Inspiradas no texto “Escutatória”, de Rubem Alves, as psicólogas reforçam a importância de cultivar silêncio interior para que a escuta seja verdadeira. “A escuta atenta exige postura de abertura e encontros sinceros. Deus nos faz nos silêncios da vida”, afirma Dayse. “Ouvir nem sempre é confortável, mas ao ouvir com disponibilidade interna afetiva e efetiva, acolhemos o outro como ele é”, complementa Ada.

Rede de Afeto: um antídoto coletivo

A Rede de Afeto nasceu justamente da necessidade de espaço de escuta entre vicentinos, especialmente jovens. Segundo Dayse: “quando nos conectamos com outros de forma autêntica e acolhedora, criamos um espaço onde todos podem respirar, se sentir vistos e apoiados.”

Ada descreve a iniciativa como: “uma rede de esperança e confiança do coração. Que essa confiança silenciosa renasça em cada um de nós.”

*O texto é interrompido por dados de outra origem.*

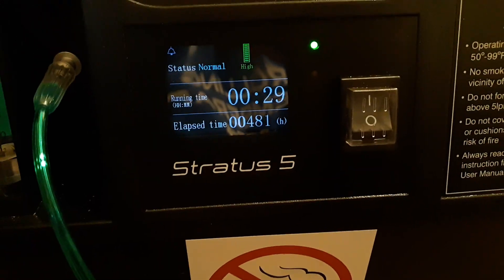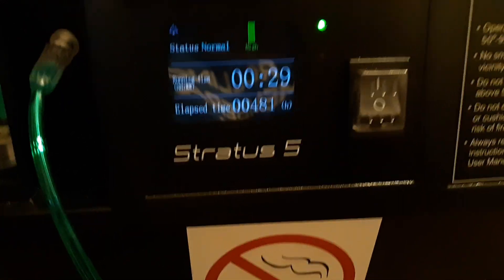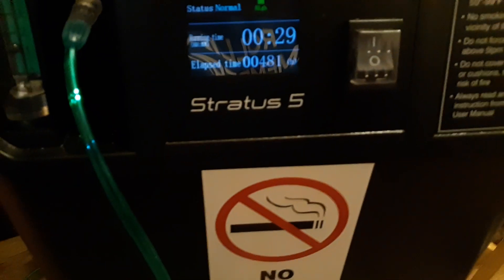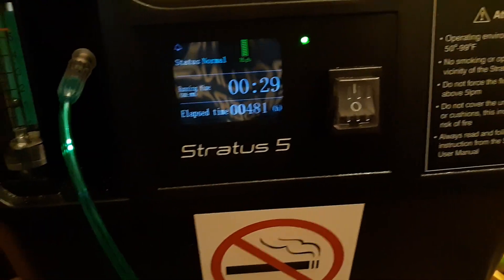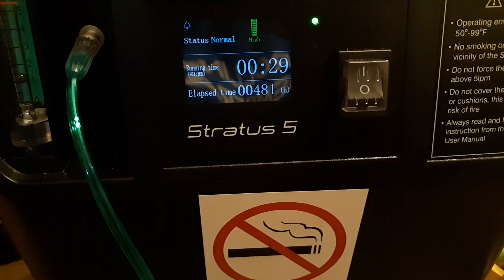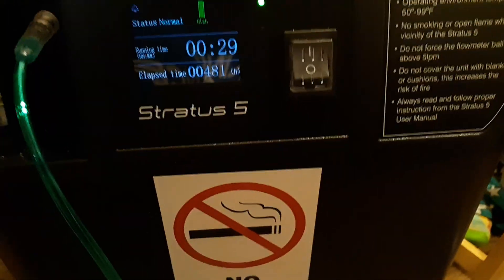Once it gets to red and low, there are several things you could do. Basically it means the air quality is bad — there's either a kink in the line, the filter is bad, or it could possibly be an error in the system. The first thing I would do is unplug it from the wall.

Dicas práticas para servir com atenção

Para quem deseja viver o carisma vicentino com profundidade, mesmo na correria, as psicólogas deixam orientações:

Ada destaca a importância da confiança e esperança: “a confiança do coração é uma entrega carregada de fé. Para São Vicente, essa entrega era o abandono total na providência de Deus. A certeza de que nunca estivemos totalmente sozinhos.”

Já Dayse reforça um gesto simples e transformador: “pratique a escuta ativa. Pare um instante, olhe nos olhos de quem está à sua frente e simplesmente ouça. Às vezes, isso pode fazer toda a diferença.”

E lembra: “não se esqueça de se cuidar também. O serviço vicentino é sobre servir com a alma leve — e isso começa com você.”

Em tempos de pressa, o carisma vicentino nos provoca a nadar contra a corrente: desacelerar, encontrar sentido, cultivar presença e transformar encontros em experiências de amor e esperança. Porque, como nos ensinou São Vicente, é no outro — especialmente no mais pobre — que Deus nos espera.